Talk about a face-off.
Bitter rivals Duncan Niederauer’s New York Stock Exchange and Robert Greifeld’s Nasdaq are locked in a heated battle for Facebook’s listing when the privately held social-networking giant attempts to raise an eye-popping $10 billion in stock in the coming weeks, according to the New York Post.
“It’s a very heated battle,” Larry Tabb, founder of capital markets advisory firm Tabb Group, confirmed, saying the race so far may be too close to call.
“I’d hate to say that one exchange is in a more dominant position than the other at this point,” Tabb added.
For either exchange platform, winning a Facebook listing — the most anticipated tech IPO since Google went public in 2004 by selling $1.7 billion in stock — could jump- start an equity market that has been hamstrung by the European fiscal crisis.
Equity-trading volumes this month are down 16 percent from last January with an average 6.8 billion shares changing hands daily — the lowest volume since 2008, according the data from the Tabb Group.
But more importantly, a Facebook listing could add much-needed panache to one of the exchanges — both of which have been struggling to beef up their Street cred.
Indeed, Niederauer successfully turned aside a surprise takeover bid from Greifeld’s Nasdaq and the IntercontinentalExchange.
And Niederauer has been spanning the globe to try to revive a floundering tie-up with Germany’s Deutsche Boerse — although yesterday he said that deal was nearly dead.
Historically, Greifeld’s Nasdaq has been the listing platform du jour for hip, new monied tech start-ups.
But in recent years, the NYSE has responded by being more aggressive in courting tech companies onto its platform in the lead-up to Facebook.
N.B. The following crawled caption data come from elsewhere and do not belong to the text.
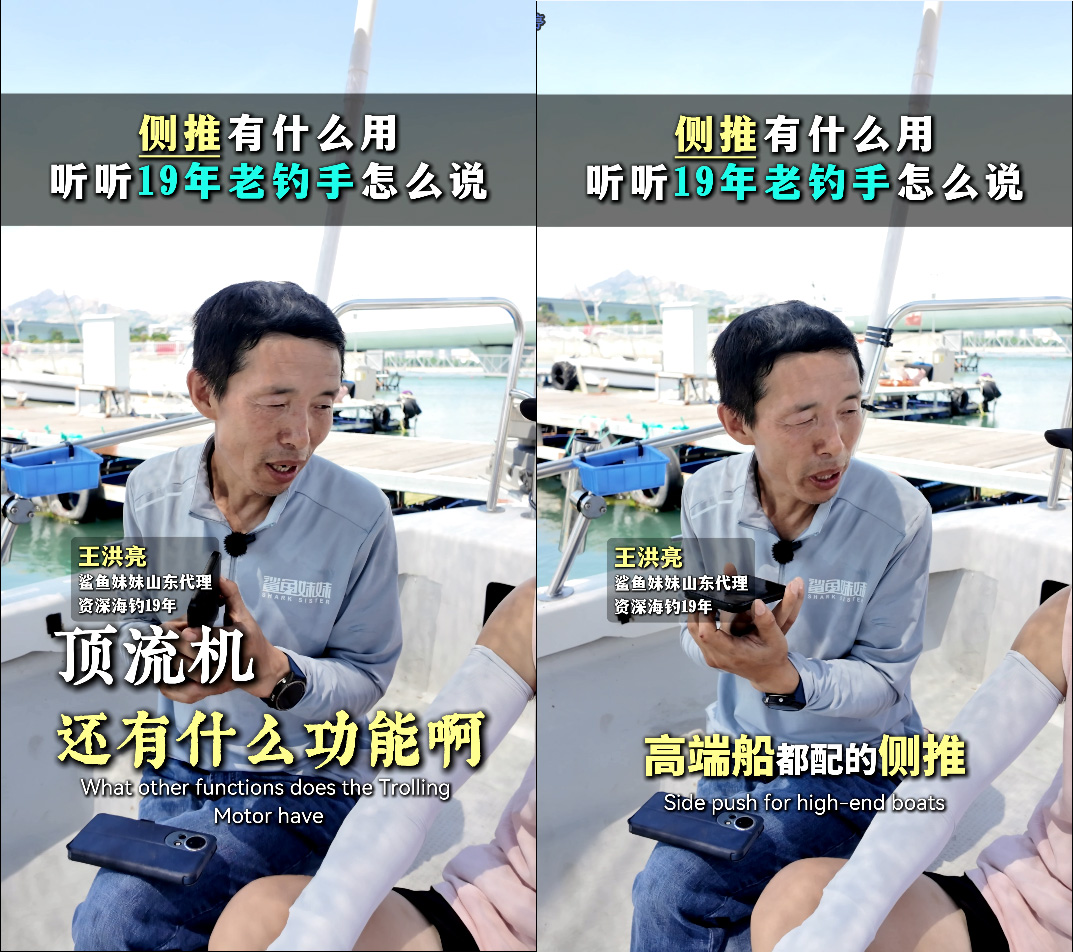 鲨鱼妹妹电子锚（顶流机）的侧推有什么用？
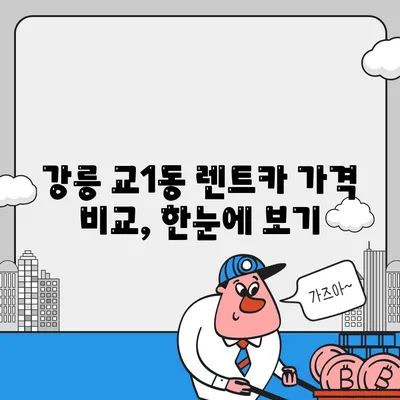 강원도 강릉시 교1동 렌트카 가격비교 | 리스 | 장기대여 | 1일비용 | 비용 | 소카 | 중고 | 신차 | 1박2일 2024후기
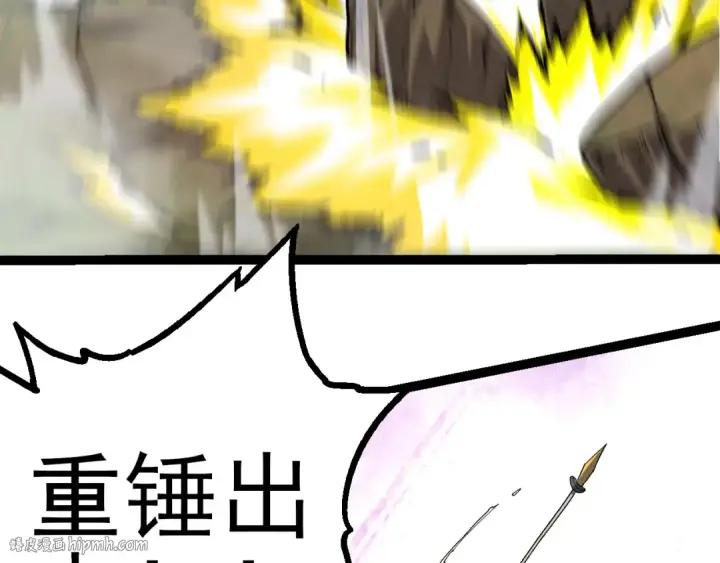 漫画《从大树开始的进化》第52话 战争……开始了！第112张图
For example, NYSE has increased its outreach to the tech space by purchasing advertising space on a billboard in Silicon Valley on highway 101, showing tech start-ups that have agreed to list on the Big Board.
Meanwhile, sources say that Nasdaq has been touting its ability to provide additional support to any new IPOs by buying shares through exchange traded funds known as QQQs.